## EXERCISE BRIEF
Each line below from the "appartamento München Milbertshofen" line through the "Powerslide Urbahn Skate Next Core Black 100 3" line, those two included, must be restated word for word; the pictures must not be.

## PROVIDED INFORMATION
-*-*-

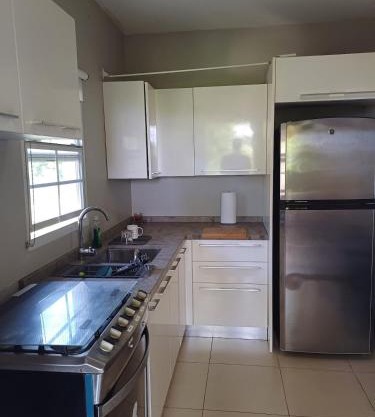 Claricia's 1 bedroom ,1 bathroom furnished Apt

-*-*-

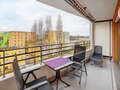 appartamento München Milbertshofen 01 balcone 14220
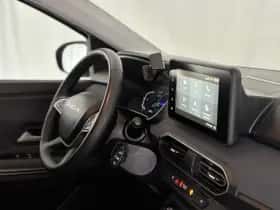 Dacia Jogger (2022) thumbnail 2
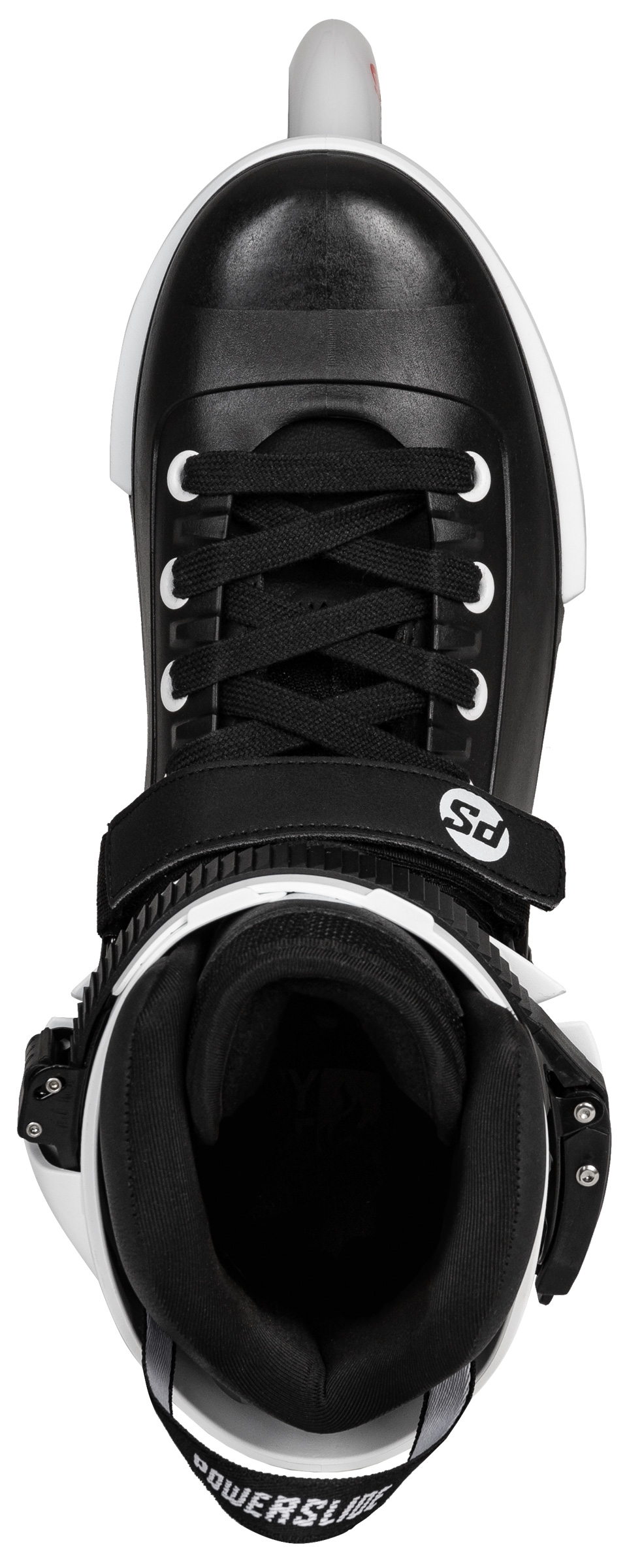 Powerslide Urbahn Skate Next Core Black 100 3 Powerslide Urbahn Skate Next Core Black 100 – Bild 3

-*-*-

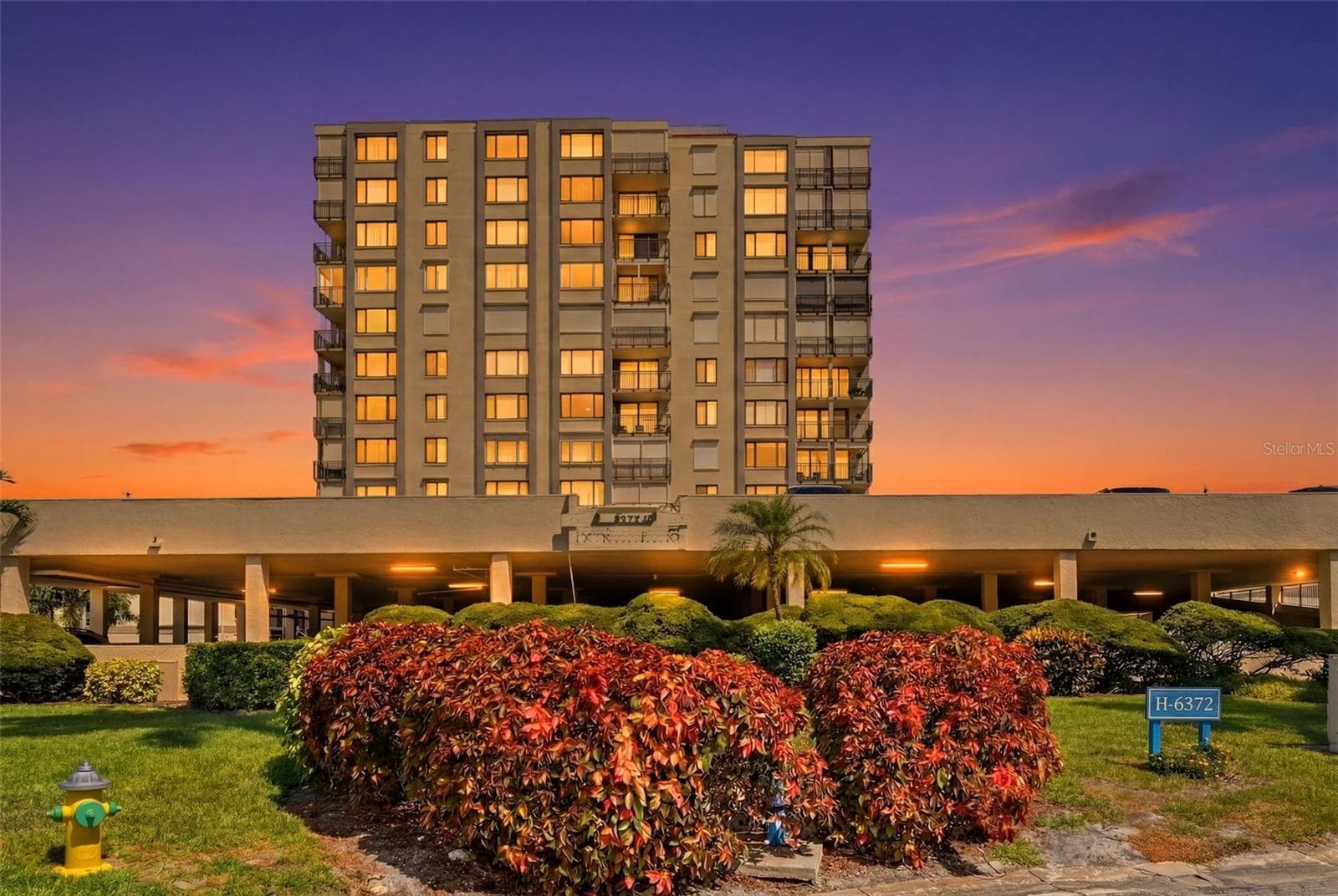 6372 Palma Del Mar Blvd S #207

-*-*-

## TASK RESPONSE
 appartamento München Milbertshofen 01 balcone 14220
 Dacia Jogger (2022) thumbnail 2
 Powerslide Urbahn Skate Next Core Black 100 3 Powerslide Urbahn Skate Next Core Black 100 – Bild 3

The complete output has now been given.